__Work to be completed__. Look through the entries below for the line that contains "Mr. Disraeli opening", then set down that line and each one after it exactly, through the last.
** Given data follows **
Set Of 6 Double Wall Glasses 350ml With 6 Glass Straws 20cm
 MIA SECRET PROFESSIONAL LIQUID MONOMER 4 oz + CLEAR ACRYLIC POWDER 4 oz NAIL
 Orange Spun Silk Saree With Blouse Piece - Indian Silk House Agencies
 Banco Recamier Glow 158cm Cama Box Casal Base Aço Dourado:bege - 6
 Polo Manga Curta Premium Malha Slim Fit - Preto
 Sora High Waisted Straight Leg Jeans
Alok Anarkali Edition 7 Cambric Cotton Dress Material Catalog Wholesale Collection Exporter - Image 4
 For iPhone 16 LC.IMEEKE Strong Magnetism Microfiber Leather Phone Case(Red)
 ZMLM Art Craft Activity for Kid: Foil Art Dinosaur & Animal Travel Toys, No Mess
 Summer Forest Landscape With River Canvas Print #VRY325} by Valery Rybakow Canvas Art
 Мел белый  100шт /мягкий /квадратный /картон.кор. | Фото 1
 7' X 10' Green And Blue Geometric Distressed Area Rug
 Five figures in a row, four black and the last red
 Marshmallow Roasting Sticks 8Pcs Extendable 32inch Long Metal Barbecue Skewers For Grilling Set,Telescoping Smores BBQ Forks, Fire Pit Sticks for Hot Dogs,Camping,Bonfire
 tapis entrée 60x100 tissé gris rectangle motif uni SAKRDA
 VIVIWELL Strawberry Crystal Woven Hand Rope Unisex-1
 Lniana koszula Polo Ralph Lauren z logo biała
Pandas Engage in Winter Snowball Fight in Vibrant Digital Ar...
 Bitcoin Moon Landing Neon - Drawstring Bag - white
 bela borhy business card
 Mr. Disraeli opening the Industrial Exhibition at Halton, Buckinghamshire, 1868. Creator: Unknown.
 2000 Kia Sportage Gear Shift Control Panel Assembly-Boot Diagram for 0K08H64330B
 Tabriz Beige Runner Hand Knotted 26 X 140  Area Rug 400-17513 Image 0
** End of Given data **
__Answer section__.
 Mr. Disraeli opening the Industrial Exhibition at Halton, Buckinghamshire, 1868. Creator: Unknown.
 2000 Kia Sportage Gear Shift Control Panel Assembly-Boot Diagram for 0K08H64330B
 Tabriz Beige Runner Hand Knotted 26 X 140  Area Rug 400-17513 Image 0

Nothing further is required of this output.